Background: Kubernetes Container Lifecycle
Let’s start by making sure we are all on the same page regarding the stages of a container’s lifecycle. Kubernetes defines three basic phases for a container: Waiting, Running, and Terminated. The status of the containers in a pod can be seen by using the kubectl describe pod pod-name command. Waiting is a slightly complex phase, as it encompasses everything that happens before a container is “running,” including waiting to be scheduled, pulling an image, and the startup process (things like applying a Kubernetes secret object). Kubernetes uses a separate Reason field to track why a container is in the waiting phase. Running and Terminated are more or less what they say on the tin, the only nuance is that Terminated encompasses both containers that have exited normally and those that have existed due to some sort of error. As with the Waiting phase, kubectl reveals a Reason field and the exit code for terminated containers to shed more light on this.
Mapping Container Phases to the Kubernetes Pod Lifecycle: A Simple Example
In the most basic case— a single container pod— the container phases map pretty easily to pod lifecycle phases. The pod lifecycle begins with a Pending phase— in a single-container pod this essentially encompasses the Waiting phase of the container lifecycle. Both pods and containers have a Running phase, and in a single-container pod these are essentially equivalent (we’ll get to some nuance here in a moment). Finally, Kubernetes provides two pod lifecycle phases that encompass the Terminated container status: Succeeded, which in a single-container pod indicates the container has exited normally/successfully, and Failed, which would indicate an exit in an error state.
Viewed from the perspective of a single-container pod, this is an almost 1:1 mapping, and one might be tempted to conflate the container and pod lifecycle phases. Remember, though, that pods are a different level of abstraction from containers. This might seem like a distinction without a difference, but it turns out to be quite important. Let’s look at why.
Understanding the Pod Lifecycle Stages at the Right Level of Abstraction
At first glance, perhaps the most important distinction between a Pod and a container is that Pods can contain more than one container, including init-containers. The biggest consequence of this for our purposes is around defining the Running phase of the Pod lifecycle. It turns out that the Running phase for a pod does not indicate that the container is up and running, but rather that at least one of the containers has made it at least as far as the Running phase of the container lifecycle. There are some nuances here to unpack. At least one container means that the containers in the pod can be at multiple stages in the container lifecycle. In fact, they could be at any phase in the container lifecycle. As an example, you could have containers that are Running while others are still Waiting (perhaps still pulling their image). This case makes a fair amount of sense— we intuitively expect a larger image to take longer to pull than a smaller one, so the fact that the smaller container might make it to the Running phase first is not surprising. Perhaps more surprising, however: at least as far as the Running phase means that we can also have containers that have Terminated in a Pod that is at the Running lifecycle phase so long as those containers are in the process of being restarted.

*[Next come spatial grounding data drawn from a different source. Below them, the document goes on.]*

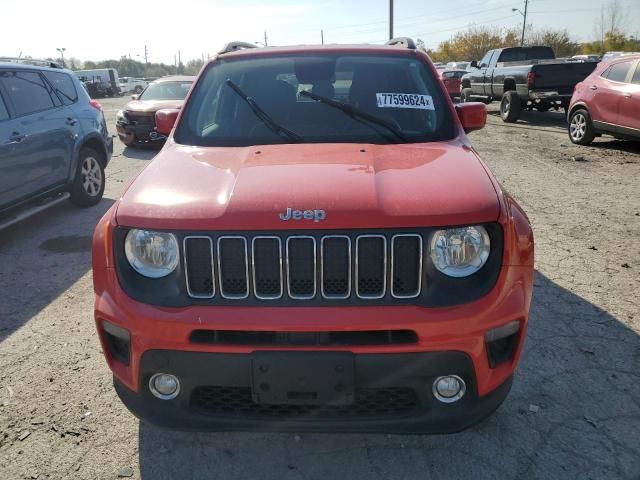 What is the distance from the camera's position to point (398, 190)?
2.19m

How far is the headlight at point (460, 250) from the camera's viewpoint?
6.88 feet

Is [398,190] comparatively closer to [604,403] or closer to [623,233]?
[604,403]

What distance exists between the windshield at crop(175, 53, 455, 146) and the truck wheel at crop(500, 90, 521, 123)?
40.7 feet

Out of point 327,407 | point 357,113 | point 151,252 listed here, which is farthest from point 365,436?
point 357,113

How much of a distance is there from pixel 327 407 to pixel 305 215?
794 mm

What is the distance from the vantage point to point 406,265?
2086mm

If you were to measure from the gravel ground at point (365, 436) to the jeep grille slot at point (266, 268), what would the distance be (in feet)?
2.92

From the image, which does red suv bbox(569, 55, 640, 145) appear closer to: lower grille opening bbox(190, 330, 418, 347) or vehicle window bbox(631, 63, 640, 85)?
vehicle window bbox(631, 63, 640, 85)

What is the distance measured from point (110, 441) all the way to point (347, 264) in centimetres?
155

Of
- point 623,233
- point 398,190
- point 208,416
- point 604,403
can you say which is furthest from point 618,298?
point 208,416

At first glance, this seems counter-intuitive, but it stems from the level of abstraction that a pod represents. A Pod is not a container (or even a collection of containers), it is a Kubernetes API object. It represents an instance of an application or service composed of one or more containers. As a Kubernetes API object, it also represents the “desired state” of the cluster, not the “actual state” of the containers declared in the Pod manifest. In other words, the Running phase of a Pod’s lifecycle is only indirectly connected to the status of the containers in the Pod. What the pod’s lifecycle represents is whether the API object “pod”, representing a desired instance of an application, has been successfully instantiated in the cluster. Instantiated here means something like: scheduled, images pulled, and manifest in the hands of the kubelet so that the desired state of deployment can be maintained. In other words, it is answering the question “is this object now being managed by Kubernetes?” Kubernetes does not guarantee that an object it is managing is actually running or available at any given moment (in fact, it explicitly treats many objects as ephemeral), only that the cluster is continuously striving to make it running/available according to the specifications in the object’s manifest.
Seen at this level of abstraction, we need new definitions for the pod lifecycle stages:
- Pending: the object is not yet ready for management. This could be because (a) it hasn’t been scheduled yet, (b) the images have not yet been pulled (possibly indicating an image pull error), or (c) the pod is waiting on init-containers to complete their tasks.
- Running: the object is now under management. This indicates that it is assigned to a host, images have been pulled, init-containers have completed, and at least one of the containers in the pod has successfully achieved at least the running stage of the container lifecycle. Kubernetes can now use the object manifest to maintain desired state for the object.
- Succeeded: the object is no longer under management (it’s run is finished) and it exited successfully.
- Failed: the object is no longer under management because it terminated with an error.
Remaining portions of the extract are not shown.